Bill: Correct. If you have chronic insomnia and you're taking melatonin every single day for years, maybe have that conversation with your doctor. But this is not a reason to panic about occasional use, and it's definitely not definitive evidence that melatonin causes heart problems.
Alex: The appropriate headline would have been "Preliminary conference abstract finds association between melatonin prescriptions and heart failure in chronic insomnia patients, but massive confounding prevents causal conclusions."
Bill: Which is why you and I have jobs, I guess.
Alex: Here's what I want listeners to take away from this. When you see a health headline that sounds terrifying, ask yourself: Is this observational or experimental? What population did they actually study? What did the researchers themselves say about limitations? Because nine times out of ten, the scary headline and the actual study are telling two completely different stories.

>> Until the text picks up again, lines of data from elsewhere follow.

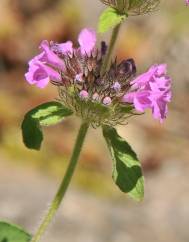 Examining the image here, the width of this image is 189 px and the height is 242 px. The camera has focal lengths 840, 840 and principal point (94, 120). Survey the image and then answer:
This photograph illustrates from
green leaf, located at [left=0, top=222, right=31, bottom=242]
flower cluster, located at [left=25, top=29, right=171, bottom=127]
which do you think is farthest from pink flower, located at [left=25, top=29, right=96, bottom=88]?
green leaf, located at [left=0, top=222, right=31, bottom=242]

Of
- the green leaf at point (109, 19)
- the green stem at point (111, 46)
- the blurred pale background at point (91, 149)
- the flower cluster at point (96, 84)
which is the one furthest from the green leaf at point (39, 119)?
the blurred pale background at point (91, 149)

Bill: And the even bigger lesson—association is not causation. That phrase gets thrown around a lot, but this is exactly what it means. Yes, the study found that people taking melatonin had more heart failure. But we can't separate the melatonin from all the other things that made those people sicker in the first place.
Alex: And until we have randomized controlled trials specifically looking at long-term melatonin use in healthy people, we simply don't know. And that's the truth.
Bill: Which is way less satisfying than "90% higher risk," but it's accurate.
Alex: Accurate is what we're here for.